Tout est question d'équilibre et de sensibilité. Je cherche toujours à associer deux éléments sans jamais les entrechoquer. Mes chocolats au gingembre et citron vert sont réalisés à base d'infusions plus ou moins fortes, ce qui explique que l'on arrive à obtenir un bon équilibre. Le plus important est de toujours de retrouver le goût du chocolat en fond de bouche, et de ne pas rester sur la note d'épice ou de fruit.
Et cette finesse de chocolat, vous l'obtenez comment ?
J'essaie toujours de travailler dans la nuance, dans la subtilité. L'une de mes qualités est cette volonté d'obtenir un chocolat d'une grande finesse. Cela suppose déjà un enrobage très fin - quitte à gagner moins d'argent - et une qualité de chocolat excellente. C'est cette finesse qui permet de ne pas garder un goût tenace de chocolat en bouche, de ne pas plomber les associations.
Comment vous viennent ces idées d'association ?
C'est avant tout l'envie de créer qui me pousse. On peut tout associer mais on obtient des choses plus ou moins intéressantes. Je ne veux surtout pas me répéter. Je ne vois pas l'intérêt qu'il y a à décliner des chocolats avec toutes les épices ou tous les fruits. Personnellement, je me contente d'une ou deux épices, d'un ou deux fruits, pour être certain d'obtenir quelque chose de vraiment original.
Lorsque vous inventez de nouveaux chocolat, vous arrive-t-il de vous surprendre ?
Bien entendu. Une fois j'ai essayé d'associer le chocolat à du litchee, sans trop y croire, je l'avoue. Le résultat a été excellent. Au contraire, une fois j'ai réalisé un chocolat au poivre de Jamaïque qui était très bon au début, mais plus tellement au bout d'une semaine. J'ai donc dû l'abandonner.
Que pensez-vous des chocolats que l'on trouve dans les grandes surfaces ?
Je trouve déjà qu'ils sont de bien meilleure qualité qu'il y a 10 ou 15 ans, ce qui est encourageant. Ensuite, pour le prix, il me semble que la qualité se tient. Bien sûr, la plus chère de ces tablettes ne vaut pas la meilleure d'un artisan chocolatier. Et puis, la principale différence se situe au niveau du marketing. On nous vend des pourcentages de cacao comme un gage de qualité. Mais mieux vaut un bon chocolat à 65 % de cacao, qu'un 75 % de mauvaise qualité. Cela paraît évident, mais encore faut-il le rappeler. On ne parle malheureusement jamais de la qualité de la fève utilisée.
Que pensez-vous des normes européennes qui autorisent l'appellation "chocolat" à des produits utilisant jusqu'à 5 % de graisses végétales hors beurre de cacao ?
Je trouve que le problème est faussé depuis le début.
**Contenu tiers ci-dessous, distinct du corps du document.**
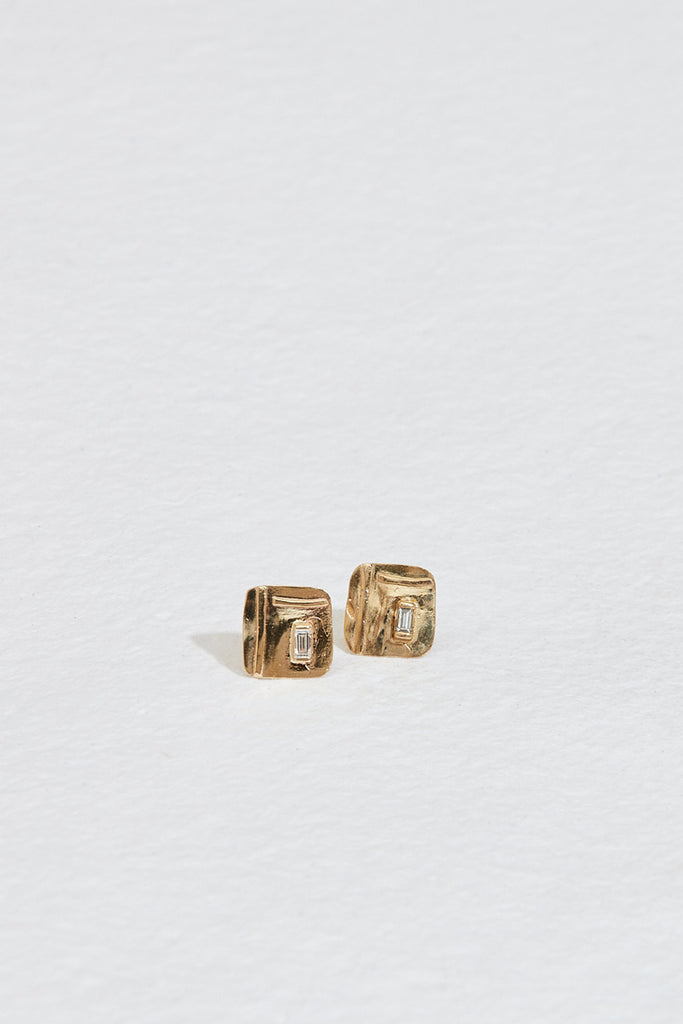 free form gold square studs with baguette white diamond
Ce sont les industriels qui ont fait cette démarche de reconnaissance de leurs produits, mais ce sont les artisans qui doivent apposer un logo "pur beurre de cacao". Je comprends que les industriels veulent baisser leurs coûts en utilisant moins de beurre de cacao, mais ce sont eux qui devraient en supporter les conséquences.
Et au niveau du goût ?
J'ai goûté une fois ce genre de produit, plus lourds que les chocolats à base de beurre de cacao uniquement. C'est là que se voit la différence. Après je crois savoir que ce sont surtout les fabricants de barres chocolatées qui utilisent des graisses autres que le beurre de cacao, et non les fabricants de tablettes. Quant à l'artisan, il est dans un démarche qualitative et ne peut donc pas avoir logiquement recours à ce type de produit.
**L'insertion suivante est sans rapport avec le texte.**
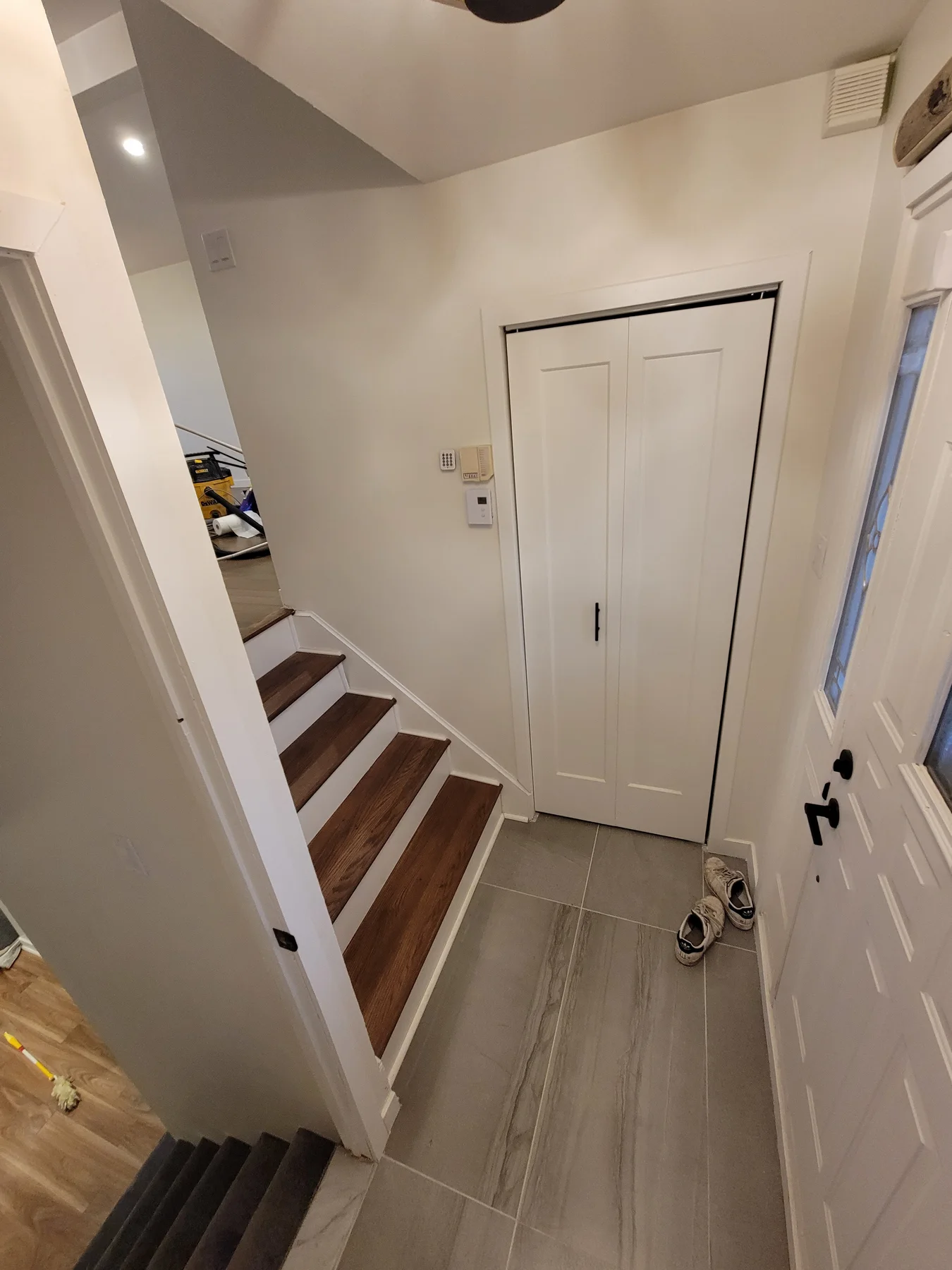 Front entry in ceramic tile, open to the upper floor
Depuis plus de 20 ans, vous croulez sous les distinctions. C'est une fierté je suppose ?
Cela fait plaisir c'est sûr, mais ce sont des jugements effectués à des instants T. L'essentiel est de durer. Disons que ça permet d'une part de rassurer nos clients sur la qualité de leurs chocolats, et d'autre part notre équipe, sur la qualité de la maison dans laquelle elle travaille. C'est toujours une source de motivation supplémentaire.